Ph-CH(Br)-CH(Br)-Ph -> Zn/CH3OH
Answer (1)
This question involves a chemical reaction, specifically a dehalogenation reaction using zinc (Zn) in methanol (CH₃OH).
In this reaction, we start with a compound that has two bromine atoms attached to adjacent carbon atoms in the structure Ph-CH(Br)-CH(Br)-Ph. The 'Ph' stands for a phenyl group, which is a benzene ring (C₆H₅). Therefore, the full structure is a dibromoalkane where bromine atoms are attached to each carbon in a chain between two phenyl groups.

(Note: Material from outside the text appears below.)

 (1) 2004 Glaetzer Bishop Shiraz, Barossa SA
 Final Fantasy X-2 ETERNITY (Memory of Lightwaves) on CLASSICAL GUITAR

When this compound is treated with zinc in methanol, a dehalogenation reaction occurs. Here's a step-by-step breakdown of the process:
Starting Compound: The compound is 1,2-dibromo-1,2-diphenylethane.
Reagent: Zn/CH₃OH (zinc in methanol).
Reaction Process: Zinc acts as a reducing agent. It facilitates the removal of the bromine atoms by converting them into zinc bromide (ZnBr₂).
Result: The removal of the bromine atoms leads to the formation of a double bond between the two carbon atoms where the bromine atoms were originally attached. This results in the formation of trans-stilbene or just stilbene (Ph-CH=CH-Ph).
Why This Occurs:
Zinc is a metal that effectively donates electrons. These electrons reduce the bromine atoms to bromide ions, which are then bound by zinc as ZnBr₂. This enables the formation of a carbon-carbon double bond.
Conclusion:
The reaction of Ph-CH(Br)-CH(Br)-Ph with Zn/CH₃OH results in the formation of stilbene (Ph-CH=CH-Ph) by removing the bromine atoms and forming a double bond in their place.
This type of reaction is commonly discussed in organic chemistry as part of learning about halogenated hydrocarbons and methods of forming alkenes.